### EXERCISE REQUIREMENTS
Repeat only the lines between the one with "Seller image for" and the end of the material below, both ends included. Omit any picture.

### DATA SHOWN
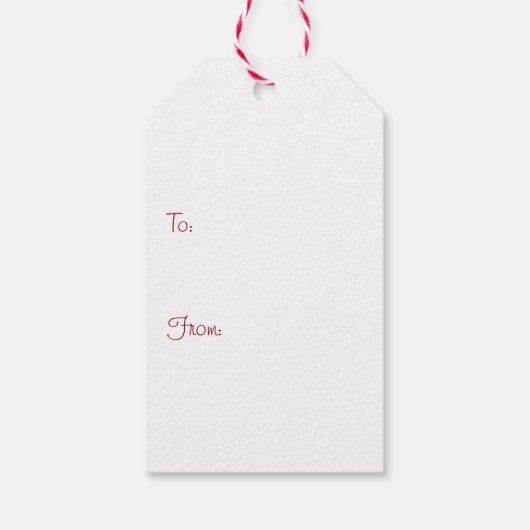 Rosa Herzen Geschenkanhänger (Rückseite)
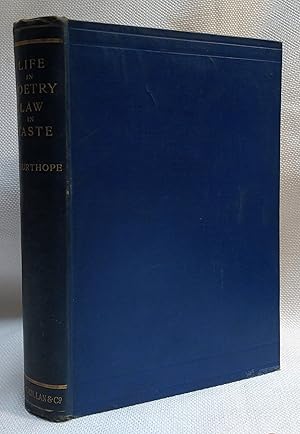 Seller image for Life in Poetry: Law in Taste - Two Series of Lectures Delivered in Oxford 1895-1900 for sale by Book House in Dinkytown, IOBA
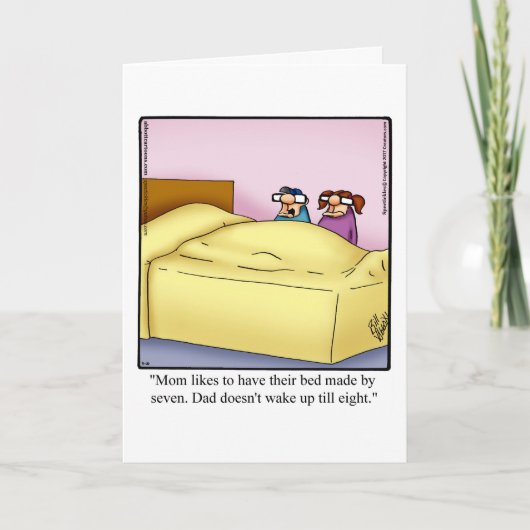 Funny Wedding Anniversary Card Karte (Vorderseite)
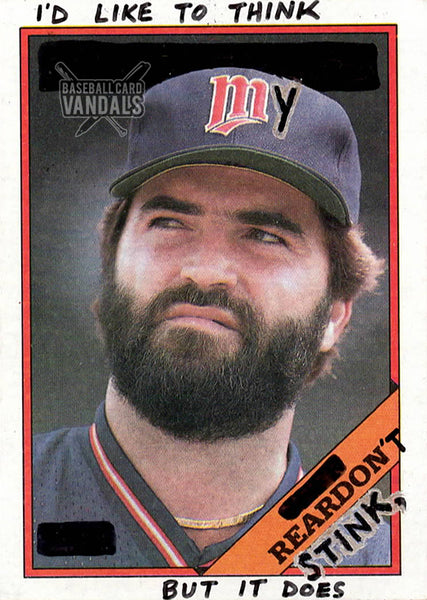 I'd Like To Think My Rear Don't Stink, But It Does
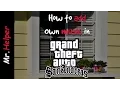 How to add own music in GTA San Andreas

### SOLUTION FOR THIS TASK
 Seller image for Life in Poetry: Law in Taste - Two Series of Lectures Delivered in Oxford 1895-1900 for sale by Book House in Dinkytown, IOBA
 Funny Wedding Anniversary Card Karte (Vorderseite)
 I'd Like To Think My Rear Don't Stink, But It Does
 How to add own music in GTA San Andreas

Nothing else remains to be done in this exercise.